I need to do a few hundred million euclidean distance calculations every day in a Python project.
Here is what I started out with:
def euclidean_dist_square(x, y):
diff = np.array(x) - np.array(y)
return np.dot(diff, diff)
This is quite fast and I already dropped the sqrt calculation since I need to rank items only (nearest-neighbor search). It is still the bottleneck of the script though. Therefore I have written a C extension, which calculates the distance. The calculation is always done with 128-dimensional vectors.
#include "euclidean.h"
#include <math.h>
double euclidean(double x[128], double y[128])
{
double Sum;
for(int i=0;i<128;i++)
{
Sum = Sum + pow((x[i]-y[i]),2.0);
}
return Sum;
}
Complete code for the extension is here: https://gist.github.com/herrbuerger/bd63b73f3c5cf1cd51de
Now this gives a nice speedup in comparison to the numpy version.
But is there any way to speed this up further (this is my first C extension ever so I assume there is)? With the number of times this function is used every day, every microsecond would actually provide a benefit.
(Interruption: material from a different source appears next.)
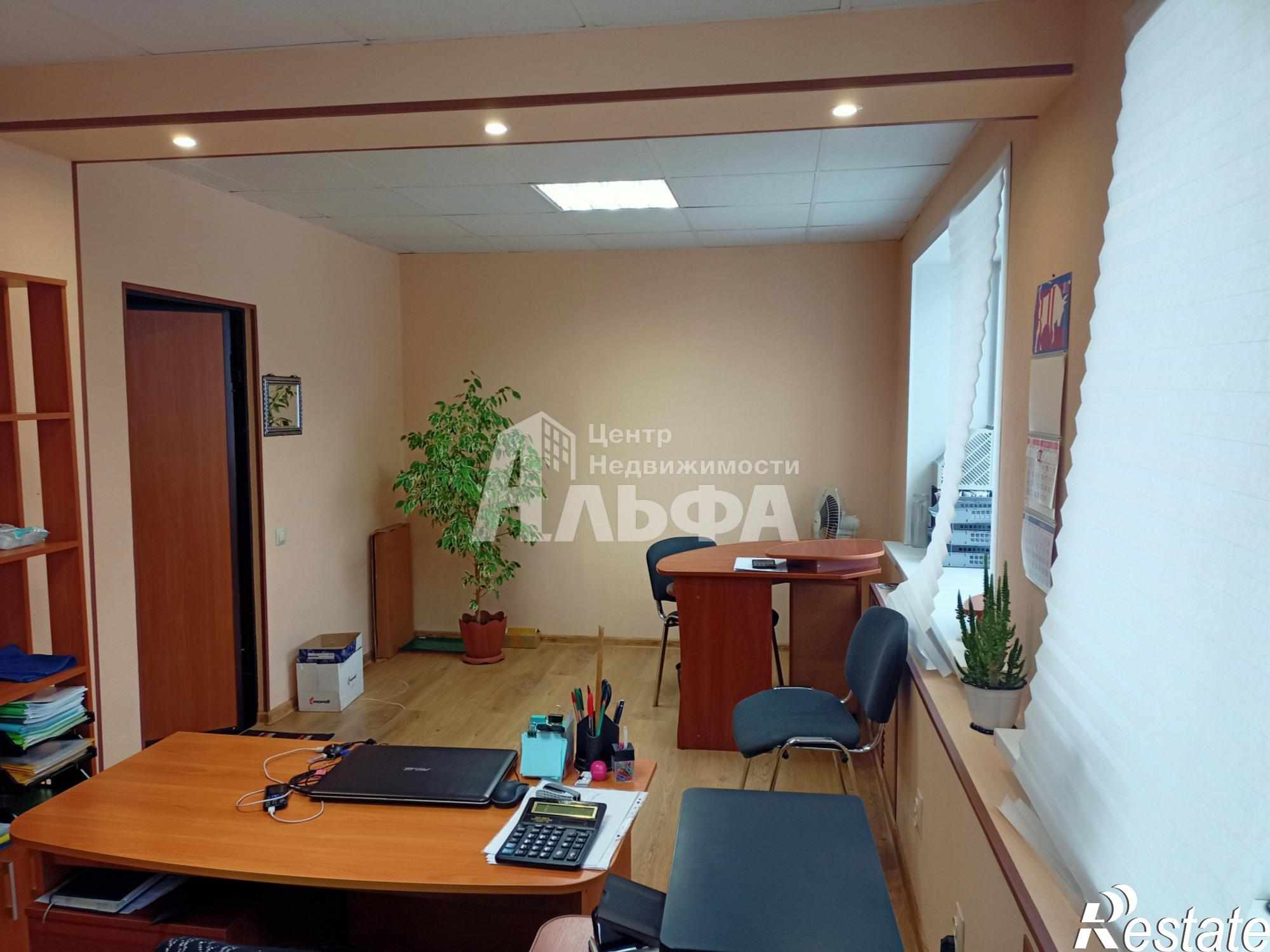 Купить офис, помещение под офис за 350 000 рублей на Комсомольская улица, 63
Some of you might suggest porting this completely from Python to another language, unfortunately this is a larger project and not an option :(
Thanks.
Edit
I have posted this question on CodeReview: https://codereview.stackexchange.com/questions/52218/possible-optimizations-for-calculating-squared-euclidean-distance
I will delete this question in an hour in case someone has started to write an answer.